Re: [PATCH v8 3/6] zswap: make shrinking memcg-aware

Nhat Pham <nphamcs@xxxxxxxxx> · Tue, 5 Dec 2023 11:09:30 -0800

On Tue, Dec 5, 2023 at 11:00 AM Yosry Ahmed <yosryahmed@xxxxxxxxxx> wrote:
>
> [..]
> > > >  static void shrink_worker(struct work_struct *w)
> > > >  {
> > > >         struct zswap_pool *pool = container_of(w, typeof(*pool),
> > > >                                                 shrink_work);
> > > > +       struct mem_cgroup *memcg;
> > > >         int ret, failures = 0;
> > > >
> > > > +       /* global reclaim will select cgroup in a round-robin fashion. */
> > > >         do {
> > > > -               ret = zswap_reclaim_entry(pool);
> > > > -               if (ret) {
> > > > -                       zswap_reject_reclaim_fail++;
> > > > -                       if (ret != -EAGAIN)
> > > > +               spin_lock(&zswap_pools_lock);
> > > > +               pool->next_shrink = mem_cgroup_iter(NULL, pool->next_shrink, NULL);
> > > > +               memcg = pool->next_shrink;
> > > > +
> > > > +               /*
> > > > +                * We need to retry if we have gone through a full round trip, or if we
> > > > +                * got an offline memcg (or else we risk undoing the effect of the
> > > > +                * zswap memcg offlining cleanup callback).

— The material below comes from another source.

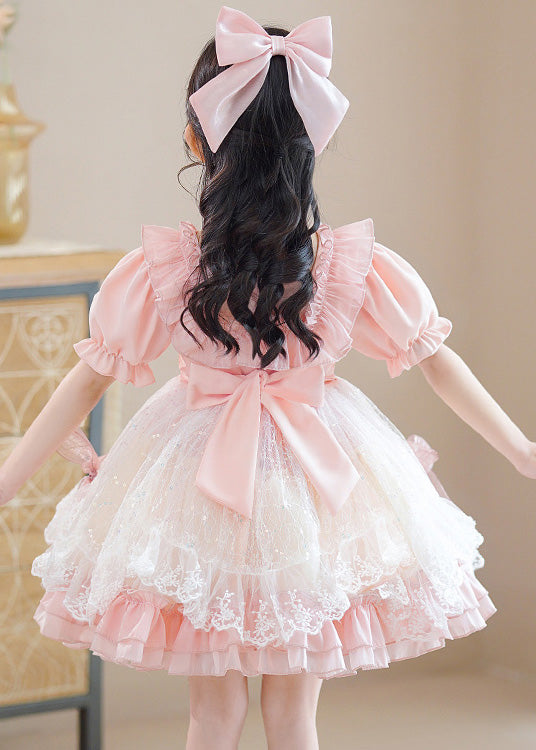 Pink Square Collar Patchwork Bow Kids Mid Dresses Short Sleeve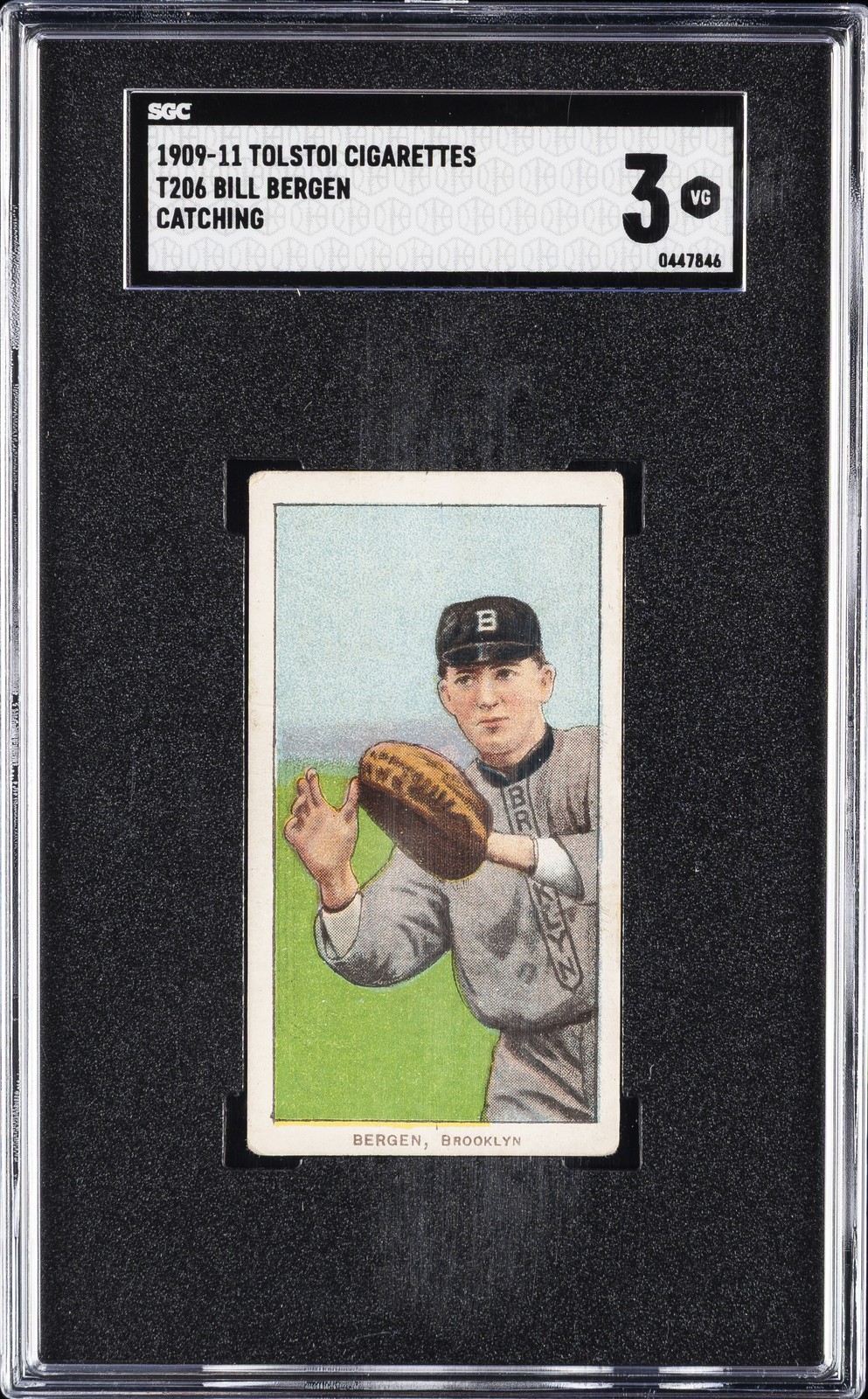 1909-11 T206 TOLSTOI CIGARETTES BILL BERGEN SGC 3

This is not catastrophic
> > > > +                * per se, but it will keep the now offlined memcg hostage for a while.
> > > > +                *
> > > > +                * Note that if we got an online memcg, we will keep the extra
> > > > +                * reference in case the original reference obtained by mem_cgroup_iter
> > > > +                * is dropped by the zswap memcg offlining callback, ensuring that the
> > > > +                * memcg is not killed when we are reclaiming.
> > > > +                */
> > > > +               if (!memcg) {
> > > > +                       spin_unlock(&zswap_pools_lock);
> > > > +                       if (++failures == MAX_RECLAIM_RETRIES)
> > > >                                 break;
> > > > +
> > > > +                       goto resched;
> > > > +               }
> > > > +
> > > > +               if (!mem_cgroup_online(memcg)) {
> > > > +                       /* drop the reference from mem_cgroup_iter() */
> > > > +                       mem_cgroup_put(memcg);
> > >
> > > Probably better to use mem_cgroup_iter_break() here?
> >
> > mem_cgroup_iter_break(NULL, memcg) seems to perform the same thing, right?
>
> Yes, but it's better to break the iteration with the documented API
> (e.g. if mem_cgroup_iter_break() changes to do extra work).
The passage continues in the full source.